Darby tampoco estaba convencido. Miró su regazó. Si esto era apenas un saludo, ¿qué intentaría su esposa durante la noche?
Miró a Henrietta y agradeció ver algo de color en sus mejillas, una abundancia en su labio inferior que hablaba de sus besos lujuriosos.
Pequeños copos de nieve caían en la mata de cabello de Henrietta. Desaparecían instantáneamente, quemados, sin duda.
—No creo que podamos viajar mañana —dijo Darby, acercándose a su esposa mientras ella dirigía a Josie hacia la posada.
—Ay, Dios —dijo Henrietta y miró al cielo.
Él se rindió a una dulce tentación.
—Tal vez tengamos que pasar el día en cama —dijo, inclinándose hacia la oreja de ella. —Sólo para mantenernos en calor, claro.
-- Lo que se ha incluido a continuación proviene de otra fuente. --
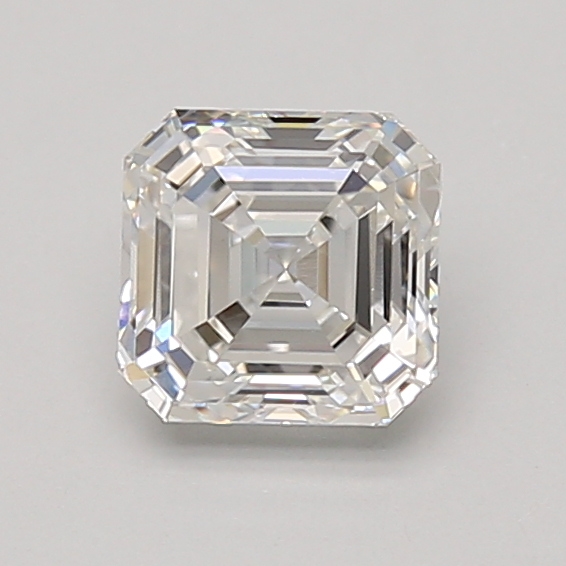 1.02 carat asscher lab-grown diamond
Ella lo miró, con los labios hinchados por los besos, y lo sorprendió de nuevo. Una sonrisa brillaba en sus ojos, ondulando esos profundos labios rosas. Copos de nieve le caían en el pelo y en las pestañas, pero ella no estaba precisamente hecha de nieve, ni era de corazón frío.
Silenciosamente, él la siguió hasta la puerta de la posada porque no sabía qué decir. La idea de que apenas una sonrisa pudiera hacer que el calor invadiera su cuerpo como una plaga era atemorizante.